Bohr observou o espectro de luz de alguns elementos da tabela
periódica e observou que todos eles eram descontínuos,
entretanto, se o modelo anterior fosse correto, os espectros
deveriam ser contínuos. Logo, algo estava errado
Bohr então postulou que as órbitas dos elétrons (que eram
quem causavam as emissões de luz) eram muito bem definidas
e quantizadas, ou seja, cada órbita não era aleatória, mas sim
muito bem definida por um nível de energia (n).
As propriedades desse modelo são:
Modelo atômico de Bohr
- Elétrons só podem estar em órbitas quantizadas de acordo
com um número inteiro (n)
- Cada órbita possui um nível de energia que depende somente
do número da camada e essa energia, obviamente, é quantizada.
- Os elétrons só podem trocar de camada absorvendo ou
perdendo EXATAMENTE a mesma quantidade que o delta de
energia entre uma camada e outra
- Em cada órbita, o elétron não perde nem absorve energia.
Dessa forma, como a variação de energia entre cada camada é
discreta (quantizada), fica explicado o espectro descontínuo. E
nossos problemas são todos sanados... né?
Não! Ainda temos 2 problemas e o principal dela é a
instabilidade nuclear que foi comentada alguns slides atrás
Estabilidade nuclear (Chadwick, 1931)
O modelo de Bohr foi desenvolvido em 1913 e até então não tinhamos
explicação porque o núcleo não colapsava devido a repulsão dos
prótons até o experimento de Chadwick em 1931
O experimento foi similar a descoberta da radioatividade em 1896,
aqui, uma camada de berílio foi bombardeada por uma radiação de
polônio, sendo que uma das 3 radiações observadas não era afetada
por nenhum tipo de campo elétrico e era uma radiação altamente
penetrante, e então foi dito que essa radiação era formada por
partículas pesadas e eletricamente neutras chamadas de Neutrôns.
Com a descoberta dos nêutrons, foi observado que ele era uma parte
do núcleo atômico, e se encontrava entre os prótons, fazendo com que
não ocorresse repulsão elétrica.
Antes dessa descoberta, achavam até que o neutron poderia ser uma
particula composta de um próton e um elétron
Modelo de Schrödinger (Orbitais)
É importante ressaltar que muitas coisas aconteciam na época, a
mecânica quântica estava dando seus primeiros passos na época e a
química começava a se desenvolver, então coisas que pra nós
atualmente são óbvias, não eram tão óbvias na época.
Dito isso, ainda havia um problema no modelo de Bohr, a quantidade de
“Deltas” de energia entre as camadas ainda não era grande o bastante,
pois existiam elementos com mais raias no espectro de luz do que
“variações de energia” entre camadas e isso gerou um absurdo na
época, um novo modelo atômico era necessário.

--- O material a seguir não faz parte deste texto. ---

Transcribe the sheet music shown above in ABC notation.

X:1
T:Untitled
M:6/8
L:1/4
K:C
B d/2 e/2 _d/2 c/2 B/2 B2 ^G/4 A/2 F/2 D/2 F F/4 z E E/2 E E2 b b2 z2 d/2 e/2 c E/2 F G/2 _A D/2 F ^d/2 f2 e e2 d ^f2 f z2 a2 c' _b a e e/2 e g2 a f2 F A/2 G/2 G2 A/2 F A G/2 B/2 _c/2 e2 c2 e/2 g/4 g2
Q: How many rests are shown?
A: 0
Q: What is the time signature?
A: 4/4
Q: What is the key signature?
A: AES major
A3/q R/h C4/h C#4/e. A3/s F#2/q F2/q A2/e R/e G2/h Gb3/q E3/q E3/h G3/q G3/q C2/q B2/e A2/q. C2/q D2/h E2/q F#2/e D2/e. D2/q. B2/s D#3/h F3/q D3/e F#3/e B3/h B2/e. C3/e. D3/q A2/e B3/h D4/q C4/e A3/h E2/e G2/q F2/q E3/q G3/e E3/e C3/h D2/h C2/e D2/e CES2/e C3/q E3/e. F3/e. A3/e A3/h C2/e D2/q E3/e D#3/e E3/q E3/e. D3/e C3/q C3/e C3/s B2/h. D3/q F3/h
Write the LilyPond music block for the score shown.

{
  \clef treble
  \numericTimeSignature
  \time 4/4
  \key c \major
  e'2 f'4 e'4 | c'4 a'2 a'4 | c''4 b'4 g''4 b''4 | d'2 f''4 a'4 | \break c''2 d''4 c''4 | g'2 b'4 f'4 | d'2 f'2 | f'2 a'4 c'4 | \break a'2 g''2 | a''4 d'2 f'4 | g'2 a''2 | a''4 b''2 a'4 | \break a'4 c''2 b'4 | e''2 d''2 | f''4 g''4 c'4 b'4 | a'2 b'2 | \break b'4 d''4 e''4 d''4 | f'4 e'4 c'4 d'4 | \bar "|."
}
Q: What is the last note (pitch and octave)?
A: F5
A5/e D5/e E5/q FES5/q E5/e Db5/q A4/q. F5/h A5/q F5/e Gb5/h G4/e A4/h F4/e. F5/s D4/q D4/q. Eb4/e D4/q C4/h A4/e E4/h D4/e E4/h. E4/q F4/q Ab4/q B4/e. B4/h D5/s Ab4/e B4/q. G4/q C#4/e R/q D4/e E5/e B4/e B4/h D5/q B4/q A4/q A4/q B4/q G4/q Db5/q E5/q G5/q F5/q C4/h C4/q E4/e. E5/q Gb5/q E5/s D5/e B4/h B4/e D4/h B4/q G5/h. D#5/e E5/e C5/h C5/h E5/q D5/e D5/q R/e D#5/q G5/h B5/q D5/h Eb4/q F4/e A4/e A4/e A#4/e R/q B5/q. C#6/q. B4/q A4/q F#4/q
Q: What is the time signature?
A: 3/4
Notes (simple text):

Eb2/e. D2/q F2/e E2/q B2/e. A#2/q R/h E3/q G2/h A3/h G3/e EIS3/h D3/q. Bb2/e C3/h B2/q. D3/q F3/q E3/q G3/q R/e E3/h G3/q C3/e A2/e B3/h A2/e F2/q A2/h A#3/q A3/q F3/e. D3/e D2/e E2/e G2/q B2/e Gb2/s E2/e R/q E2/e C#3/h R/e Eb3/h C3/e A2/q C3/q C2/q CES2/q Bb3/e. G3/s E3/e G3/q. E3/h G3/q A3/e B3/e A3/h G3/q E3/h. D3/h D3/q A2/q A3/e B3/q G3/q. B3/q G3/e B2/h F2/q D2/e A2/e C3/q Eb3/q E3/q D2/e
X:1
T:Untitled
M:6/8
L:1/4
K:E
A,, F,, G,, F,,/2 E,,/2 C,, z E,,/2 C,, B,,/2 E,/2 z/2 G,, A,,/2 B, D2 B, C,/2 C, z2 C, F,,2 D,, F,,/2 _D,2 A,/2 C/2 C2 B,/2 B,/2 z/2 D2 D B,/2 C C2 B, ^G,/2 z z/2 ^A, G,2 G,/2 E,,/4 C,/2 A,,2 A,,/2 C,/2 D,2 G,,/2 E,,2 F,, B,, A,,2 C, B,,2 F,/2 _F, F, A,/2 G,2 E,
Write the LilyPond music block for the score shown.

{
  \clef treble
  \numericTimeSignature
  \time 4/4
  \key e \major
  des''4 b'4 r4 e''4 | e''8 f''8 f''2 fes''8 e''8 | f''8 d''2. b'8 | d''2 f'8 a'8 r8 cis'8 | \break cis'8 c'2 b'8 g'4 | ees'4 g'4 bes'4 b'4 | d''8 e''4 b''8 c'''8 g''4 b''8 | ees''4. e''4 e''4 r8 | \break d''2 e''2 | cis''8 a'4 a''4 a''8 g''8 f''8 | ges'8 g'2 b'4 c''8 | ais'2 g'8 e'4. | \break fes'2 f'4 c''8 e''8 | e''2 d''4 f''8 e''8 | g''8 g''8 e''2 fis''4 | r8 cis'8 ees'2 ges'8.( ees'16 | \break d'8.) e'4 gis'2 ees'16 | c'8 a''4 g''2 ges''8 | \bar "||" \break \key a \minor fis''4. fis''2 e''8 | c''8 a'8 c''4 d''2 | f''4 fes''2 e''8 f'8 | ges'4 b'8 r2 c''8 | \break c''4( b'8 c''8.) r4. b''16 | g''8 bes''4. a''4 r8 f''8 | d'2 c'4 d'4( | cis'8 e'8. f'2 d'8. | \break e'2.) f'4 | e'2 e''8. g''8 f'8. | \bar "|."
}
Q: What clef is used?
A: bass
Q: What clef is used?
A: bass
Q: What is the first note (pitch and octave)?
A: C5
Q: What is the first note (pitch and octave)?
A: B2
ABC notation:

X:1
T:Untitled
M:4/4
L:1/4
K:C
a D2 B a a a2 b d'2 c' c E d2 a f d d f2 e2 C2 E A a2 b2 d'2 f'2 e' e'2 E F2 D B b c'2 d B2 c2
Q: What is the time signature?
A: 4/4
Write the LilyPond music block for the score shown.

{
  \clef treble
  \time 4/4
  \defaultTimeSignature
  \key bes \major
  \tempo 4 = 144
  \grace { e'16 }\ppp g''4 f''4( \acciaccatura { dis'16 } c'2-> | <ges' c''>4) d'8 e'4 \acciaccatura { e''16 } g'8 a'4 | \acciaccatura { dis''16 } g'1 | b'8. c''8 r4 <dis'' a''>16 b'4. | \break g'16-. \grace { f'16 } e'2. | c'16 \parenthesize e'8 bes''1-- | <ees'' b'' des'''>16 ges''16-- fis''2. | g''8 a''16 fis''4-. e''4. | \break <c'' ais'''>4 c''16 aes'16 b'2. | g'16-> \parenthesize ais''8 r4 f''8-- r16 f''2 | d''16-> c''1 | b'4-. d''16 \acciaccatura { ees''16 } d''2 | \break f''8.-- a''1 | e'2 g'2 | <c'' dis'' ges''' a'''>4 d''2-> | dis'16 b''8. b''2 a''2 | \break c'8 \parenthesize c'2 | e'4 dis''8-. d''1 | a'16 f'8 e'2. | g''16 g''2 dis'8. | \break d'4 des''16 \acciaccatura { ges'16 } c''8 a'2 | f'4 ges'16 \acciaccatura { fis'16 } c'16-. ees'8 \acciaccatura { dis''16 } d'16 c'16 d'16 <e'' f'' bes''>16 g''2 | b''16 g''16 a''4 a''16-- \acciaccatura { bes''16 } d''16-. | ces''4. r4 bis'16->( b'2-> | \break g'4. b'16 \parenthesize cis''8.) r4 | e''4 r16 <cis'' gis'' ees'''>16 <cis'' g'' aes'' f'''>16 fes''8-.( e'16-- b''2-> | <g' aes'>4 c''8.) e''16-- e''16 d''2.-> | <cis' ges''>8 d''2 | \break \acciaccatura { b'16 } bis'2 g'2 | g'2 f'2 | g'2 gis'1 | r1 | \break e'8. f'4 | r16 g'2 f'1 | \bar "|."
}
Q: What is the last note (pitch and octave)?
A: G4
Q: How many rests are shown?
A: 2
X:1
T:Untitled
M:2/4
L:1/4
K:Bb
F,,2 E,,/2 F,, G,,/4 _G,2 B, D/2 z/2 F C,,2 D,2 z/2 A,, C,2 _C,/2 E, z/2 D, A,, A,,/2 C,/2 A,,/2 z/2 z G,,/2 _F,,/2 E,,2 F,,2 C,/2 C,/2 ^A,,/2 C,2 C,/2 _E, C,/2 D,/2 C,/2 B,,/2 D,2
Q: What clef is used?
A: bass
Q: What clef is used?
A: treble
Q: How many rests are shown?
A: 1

Com isso, e com o crescimento da mecânica quântica, descobrimos
que é impossível calcular a velocidade e a posição de um elétron e que
na verdade, o elétron não assumia órbitas, mas que na verdade ele
circundava o que chamamos atualmente de “orbitais”
Modelo de Schrödinger (Orbitais)
Um orbital nada mais é do que a região com maior probabilidade de se
encontrar um elétron e existem diferentes tipos de orbitais, mas todos
eles são concêntricos ao núcleo atômico.
Atualmente esse é o modelo mais utilizado e na verdade estamos mais
preocupados com a quantidade de energia de um elétron do que sua
posição ou velocidade.
Veremos mais sobre níveis de energia na próxima aula quando
falaremos de distribuição eletrônica
Me aprofundarei mais na parte desse modelo também na próxima aula,
antes de entrar em distribuição eletrônica.